En 2006, Bombardier Aéronautique a déménagé une partie de sa production à Querétaro, petite ville coloniale au nord de Mexico, pour bénéficier de coûts de production moins élevés. Cette initiative laissait craindre un douloureux exode des emplois du secteur de l'aéronautique. Cinq ans plus tard, l'industrie aéronautique est en plein essor au Mexique: une véritable grappe est en voie de se créer autour de Bombardier à Querétaro. Voici la suite de notre dossier publié samedi.

Quelqu'un devra bien briser la glace. Mais pour l'instant, aucun fournisseur québécois n'a encore suivi Bombardier en terre mexicaine.

«Il y a eu une récession, rappelle le président et chef de la direction d'Héroux-Devtek, Gilles Labbé. Au début de 2009, la planète a presque arrêté de tourner. Maintenant, les perspectives sont meilleures.»

Comme quelques autres fournisseurs québécois, Héroux-Devtek, fabricant de trains d'atterrissage et d'autres composants, songe sérieusement à s'installer au Mexique pour se rapprocher de ses clients et pour bénéficier de coûts plus bas.

«Mais nous ne voulons pas faire cela aux dépens de nos usines canadiennes ou américaines, souligne M. Labbé. Nous avons un modèle de croissance. Nous pensons que nous pouvons gagner plus de boulot avec une usine là-bas, et nourrir nos usines canadiennes et américaines.»

Mais avant de faire le grand saut, Héroux-Devtek veut s'assurer d'avoir plus d'un client sur place.

«On parle de plusieurs millions de dollars d'investissement, indique M. Labbé. Nous voulons nous assurer d'avoir du travail pour cette usine-là.»

Le président-directeur général de l'Association québécoise de l'aérospatiale (AQA), Jacques Saada, rappelle que le risque est énorme pour les PME.

«Si ça ne marche pas, c'est toute l'entreprise qui peut se casser la figure», note-t-il.

Le président de Safran Mexico, Stéphane Lauret, reconnaît qu'il est onéreux pour une PME de s'installer dans un autre pays, mais les grands donneurs d'ordre ne peuvent pas se permettre de donner des garanties blindées aux petites sociétés.

«Les PME voudraient arriver avec un contrat signé pour cinq ans, mais ce n'est pas possible, indique-t-il à La Presse Affaires dans son bureau de Mexico. Mais il y a une croissance au Mexique. Pour leur avenir, il serait intéressant qu'elles soient ici.»

Guillermo Alonso Jr., président d'Alta Précision, PME montréalaise qui fabrique des composants complexes, est bien conscient de cette réalité.

«Si nous voulons rester en lien avec nos clients, il faut s'installer», déclare-t-il.

Les attraits du Mexique

Il énumère les attraits du Mexique par rapport à d'autres pays à bas coûts comme l'Inde et la Chine: la proximité géographique, le haut niveau de bilinguisme, une culture qui n'est pas trop étrangère.
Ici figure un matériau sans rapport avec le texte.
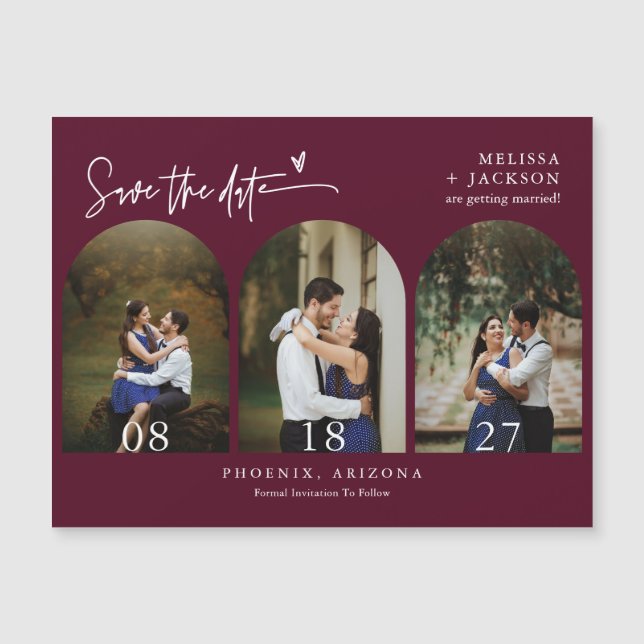 Modern Burgundy Boho Save the Date Arch Photo (Front)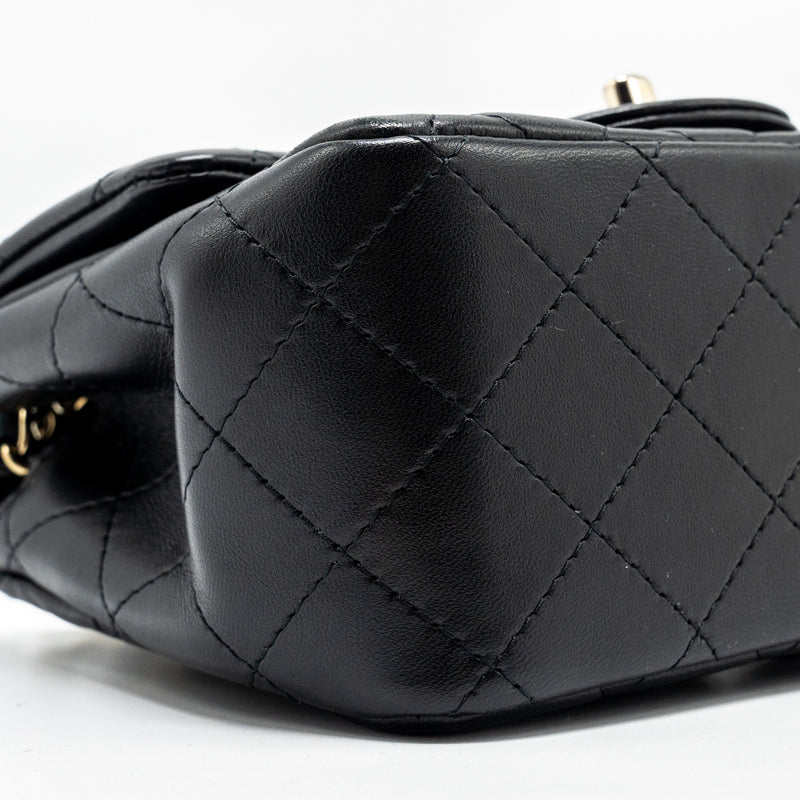 Chanel Mini Square Flap bag Lambskin Black LGHW (Microchip)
Mais il y a des défis importants.

«La chaîne d'approvisionnement n'est pas sur place, explique-t-il. Les matériaux de base, il faut les importer. Le traitement de surface n'est pas encore là. Quand on fait la synthèse des coûts de procédé, ça peut être élevé.»

La création d'une grappe aéronautique à Querétaro constitue justement un des principaux objectifs du gouvernement.

Le secrétaire du développement durable de l'État de Querétaro, Tonatiuh Salinas, cherche notamment à favoriser les alliances entre les PME mexicaines et étrangères pour permettre aux entreprises locales de prendre pied dans le secteur aéronautique et aux entreprises étrangères de réduire leurs risques en bénéficiant d'installations et d'équipements sur place.

À ses yeux, la mise en place d'une base solide de fournisseurs est plus importante à ce moment-ci que la venue de grands donneurs d'ordre comme Airbus ou Boeing.

«Bien sûr, ça ferait une bonne nouvelle à annoncer, mais la venue d'une grande multinationale nécessiterait des milliers de travailleurs, remarque M.Salinas. La formation de ces personnes ne se ferait pas du jour au lendemain, ç'aurait un impact majeur sur le marché du travail ici. Or, il faut être responsable à l'égard des entreprises déjà installées.»

«Pour les trois prochaines années, je préférerais attirer de 15 à 20 entreprises de taille moyenne. Après cela, nous pourrons regarder du côté des grands donneurs d'ordre.»